"""
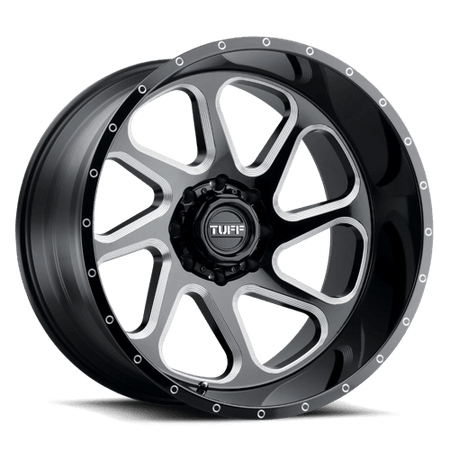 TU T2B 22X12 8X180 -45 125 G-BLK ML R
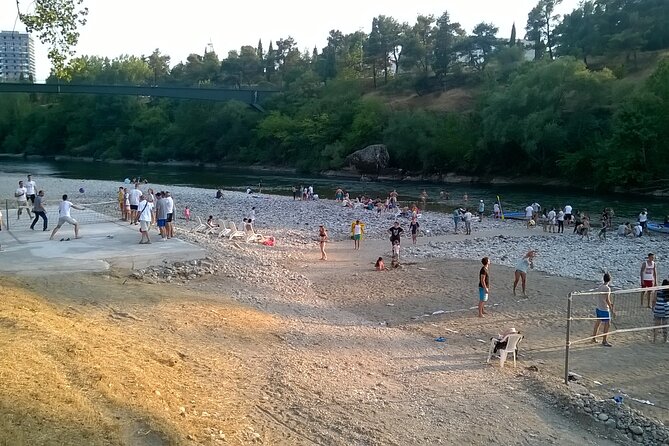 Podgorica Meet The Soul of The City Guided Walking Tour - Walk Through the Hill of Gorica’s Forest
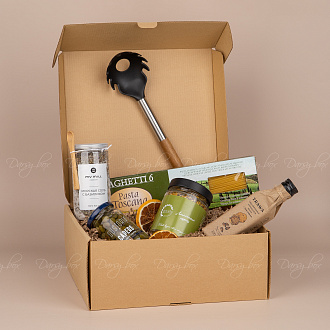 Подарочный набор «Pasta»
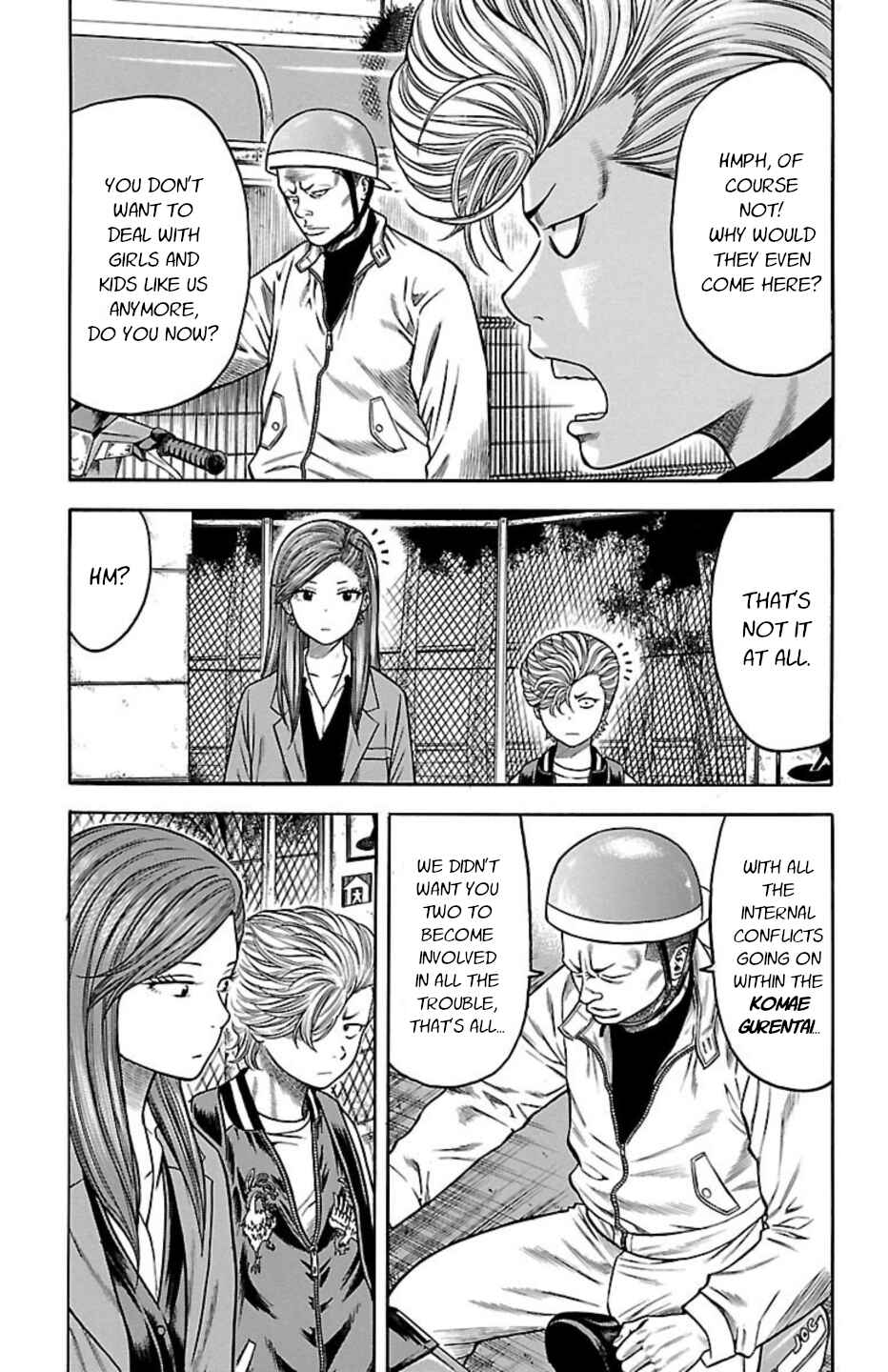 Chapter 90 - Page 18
"""
- [What to do]:
Restate the whole listing word for word. Omit the pictures.

- [Output for this exercise]:
 TU T2B 22X12 8X180 -45 125 G-BLK ML R
 Podgorica Meet The Soul of The City Guided Walking Tour - Walk Through the Hill of Gorica’s Forest
 Подарочный набор «Pasta»
 Chapter 90 - Page 18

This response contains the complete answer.